Der Ersteller des Videos hat seinen Beitrag nach wenigen Tagen gelöscht, über eine Million Nutzerinnen und Nutzer sahen ihn bis dahin. Auf Anfrage von CORRECTIV.Faktencheck schrieb er, ihm sei ein Fehler unterlaufen. Doch sein Video kursiert vielfach weiter, andere Nutzerinnen und Nutzer teilten das Video oder die Audiospur als sogenanntes Duett oder veröffentlichten Auszüge davon. Diese landeten auch auf Facebook und X. Leserinnen und Leser schickten es auch an CORRECTIV.Faktencheck mit der Bitte um Überprüfung.

Die Recherche von CORRECTIV.Faktencheck kann den Einzelfall aus Niedersachsen nicht abschließend belegen. Doch klar ist: Das TikTok-Video führt in die Irre, denn es suggeriert, dass nur speziell Ukrainer Autos vom Jobcenter finanziert bekommen können. Das stimmt nicht.

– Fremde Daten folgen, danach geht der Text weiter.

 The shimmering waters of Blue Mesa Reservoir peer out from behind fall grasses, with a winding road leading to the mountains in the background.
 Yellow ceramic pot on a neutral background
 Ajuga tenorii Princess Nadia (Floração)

Geld aus dem Vermittlungsbudget für Bürgergeld- und Arbeitslosengeld-Empfänger kann auch für Autos fließen

Rotenburg (Wümme) in Niedersachsen liegt nicht weit vom Standort des Autohändlers entfernt. Christine Huchzermeier, Pressesprecherin des Landkreises, schrieb auf Anfrage von CORRECTIV.Faktencheck: Das Jobcenter des Landkreises habe das Auto nicht bezahlt, es habe auch keine Überweisung des Landkreises an dieses Autohaus gegeben.

Huchzermeier schrieb aber auch: "Grundsätzlich ist es möglich, dass ein Jobcenter im Wege einer Beschäftigungsaufnahme Fahrzeuge fördert. Diese Möglichkeit besteht für alle Kunden des Jobcenters und ist als Förderinstrument im SGB II (Jobcenter) und SGB III (Bundesagentur für Arbeit) vorgesehen, um Kunden eine Arbeitsaufnahme zu ermöglichen."

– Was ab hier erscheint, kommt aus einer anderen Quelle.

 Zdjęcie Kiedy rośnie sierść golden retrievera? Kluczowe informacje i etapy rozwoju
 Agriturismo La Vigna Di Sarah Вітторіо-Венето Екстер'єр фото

Tatsächlich steht auf der Rechnung, die im TikTok-Video zu sehen ist, nicht das Jobcenter Landkreis Rotenburg, sondern die Bundesagentur für Arbeit. Dort hieß es auf Anfrage, man könne den konkreten Fall weder bestätigen noch dementieren. So eine Konstellation sei aber denkbar, schreibt Sarah Kipp, Pressesprecherin der Bundesagentur für Arbeit.

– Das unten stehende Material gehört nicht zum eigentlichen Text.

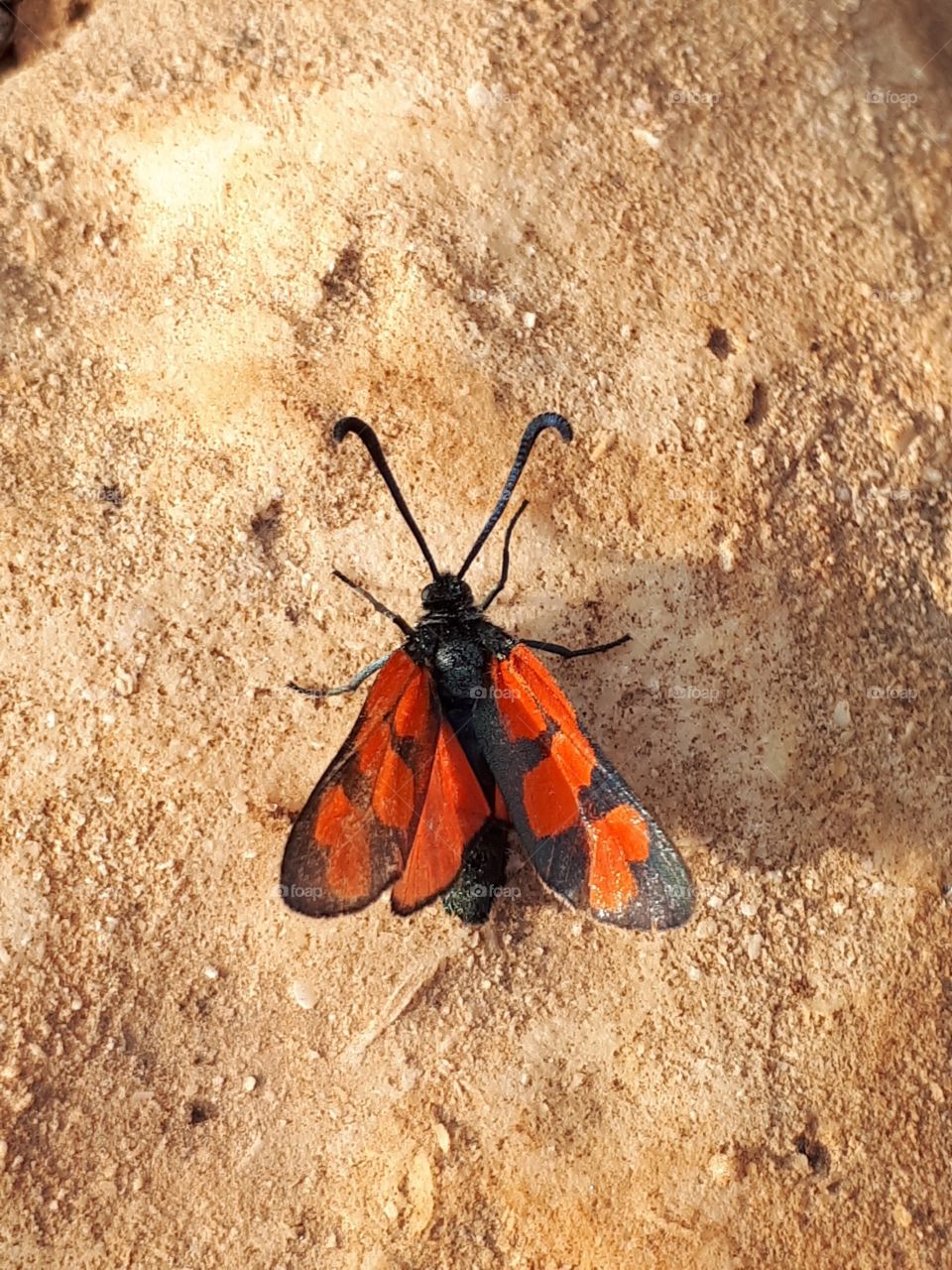 Orange black moth , butterfly on stone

Es geht dabei um Leistungen aus dem sogenannten Vermittlungsbudget, die Personen beantragen können, die Arbeitslosengeld oder Bürgergeld beziehen. Als Beispiel für solche Leitungen nannte Kipp Fahrtkosten zu Vorstellungsgesprächen oder Bewerbungskosten – und unter bestimmten Umständen auch ein Auto. Etwa, wenn der Arbeitsort eines Jobs, den die Person in Aussicht hat, nicht mit öffentlichen Verkehrsmitteln erreichbar ist. Das ist auch in den fachlichen Weisungen zum Zweiten und Dritten Sozialgesetzbuch (SGB II und SGB III), die Bürger- und Arbeitslosengeld regeln, festgeschrieben.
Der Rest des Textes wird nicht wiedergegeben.